Work task >> Below are some entries. Repeat exactly the lines from the one with "PSD 구름 직업 여자" through the one with "Harajuku Happy Socks", and only those.

Dataset records >>
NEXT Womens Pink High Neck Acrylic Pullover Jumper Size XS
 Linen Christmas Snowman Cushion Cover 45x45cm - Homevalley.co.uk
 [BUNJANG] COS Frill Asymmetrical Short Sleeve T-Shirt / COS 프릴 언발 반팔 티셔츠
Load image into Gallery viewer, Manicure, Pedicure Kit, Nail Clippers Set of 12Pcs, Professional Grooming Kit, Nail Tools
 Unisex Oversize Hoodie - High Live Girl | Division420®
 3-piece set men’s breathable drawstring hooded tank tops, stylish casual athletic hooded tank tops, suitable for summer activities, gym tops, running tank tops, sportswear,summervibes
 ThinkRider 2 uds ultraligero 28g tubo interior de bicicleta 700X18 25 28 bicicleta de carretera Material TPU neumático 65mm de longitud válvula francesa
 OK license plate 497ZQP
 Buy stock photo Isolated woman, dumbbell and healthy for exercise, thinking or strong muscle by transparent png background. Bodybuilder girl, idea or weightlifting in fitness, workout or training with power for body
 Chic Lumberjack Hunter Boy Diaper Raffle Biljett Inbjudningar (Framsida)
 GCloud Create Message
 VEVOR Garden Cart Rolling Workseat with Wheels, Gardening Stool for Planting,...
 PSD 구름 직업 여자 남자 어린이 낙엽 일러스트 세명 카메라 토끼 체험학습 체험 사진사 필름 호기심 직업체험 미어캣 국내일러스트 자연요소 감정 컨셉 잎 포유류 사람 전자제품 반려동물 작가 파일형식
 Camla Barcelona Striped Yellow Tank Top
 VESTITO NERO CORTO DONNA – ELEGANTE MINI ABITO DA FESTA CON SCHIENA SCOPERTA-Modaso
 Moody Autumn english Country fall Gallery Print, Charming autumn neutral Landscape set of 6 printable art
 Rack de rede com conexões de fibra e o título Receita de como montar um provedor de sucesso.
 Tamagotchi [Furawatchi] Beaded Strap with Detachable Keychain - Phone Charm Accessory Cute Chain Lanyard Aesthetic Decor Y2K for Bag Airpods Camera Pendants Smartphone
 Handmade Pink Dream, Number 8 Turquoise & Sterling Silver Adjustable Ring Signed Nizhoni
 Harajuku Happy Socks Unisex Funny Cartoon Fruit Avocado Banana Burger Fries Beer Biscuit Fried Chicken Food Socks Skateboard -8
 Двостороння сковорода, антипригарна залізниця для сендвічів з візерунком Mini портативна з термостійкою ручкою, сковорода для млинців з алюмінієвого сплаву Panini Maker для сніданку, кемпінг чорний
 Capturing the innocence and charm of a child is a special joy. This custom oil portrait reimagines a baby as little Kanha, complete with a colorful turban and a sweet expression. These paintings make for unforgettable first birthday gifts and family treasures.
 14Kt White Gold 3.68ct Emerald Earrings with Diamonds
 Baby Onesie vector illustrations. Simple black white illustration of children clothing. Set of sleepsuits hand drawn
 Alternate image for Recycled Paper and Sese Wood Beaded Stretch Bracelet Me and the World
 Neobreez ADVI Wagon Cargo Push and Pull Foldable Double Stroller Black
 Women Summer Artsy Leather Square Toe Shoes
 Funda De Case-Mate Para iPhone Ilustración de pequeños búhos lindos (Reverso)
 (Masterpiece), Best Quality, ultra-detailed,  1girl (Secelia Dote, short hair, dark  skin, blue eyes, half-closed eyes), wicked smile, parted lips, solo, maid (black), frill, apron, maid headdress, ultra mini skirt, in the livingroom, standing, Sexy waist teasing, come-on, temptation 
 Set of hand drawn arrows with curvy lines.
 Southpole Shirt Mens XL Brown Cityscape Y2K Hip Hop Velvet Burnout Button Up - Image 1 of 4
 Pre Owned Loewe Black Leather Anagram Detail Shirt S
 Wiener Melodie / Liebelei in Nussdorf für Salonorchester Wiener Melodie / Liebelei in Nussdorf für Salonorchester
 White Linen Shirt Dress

Response to this task >>
 PSD 구름 직업 여자 남자 어린이 낙엽 일러스트 세명 카메라 토끼 체험학습 체험 사진사 필름 호기심 직업체험 미어캣 국내일러스트 자연요소 감정 컨셉 잎 포유류 사람 전자제품 반려동물 작가 파일형식
 Camla Barcelona Striped Yellow Tank Top
 VESTITO NERO CORTO DONNA – ELEGANTE MINI ABITO DA FESTA CON SCHIENA SCOPERTA-Modaso
 Moody Autumn english Country fall Gallery Print, Charming autumn neutral Landscape set of 6 printable art
 Rack de rede com conexões de fibra e o título Receita de como montar um provedor de sucesso.
 Tamagotchi [Furawatchi] Beaded Strap with Detachable Keychain - Phone Charm Accessory Cute Chain Lanyard Aesthetic Decor Y2K for Bag Airpods Camera Pendants Smartphone
 Handmade Pink Dream, Number 8 Turquoise & Sterling Silver Adjustable Ring Signed Nizhoni
 Harajuku Happy Socks Unisex Funny Cartoon Fruit Avocado Banana Burger Fries Beer Biscuit Fried Chicken Food Socks Skateboard -8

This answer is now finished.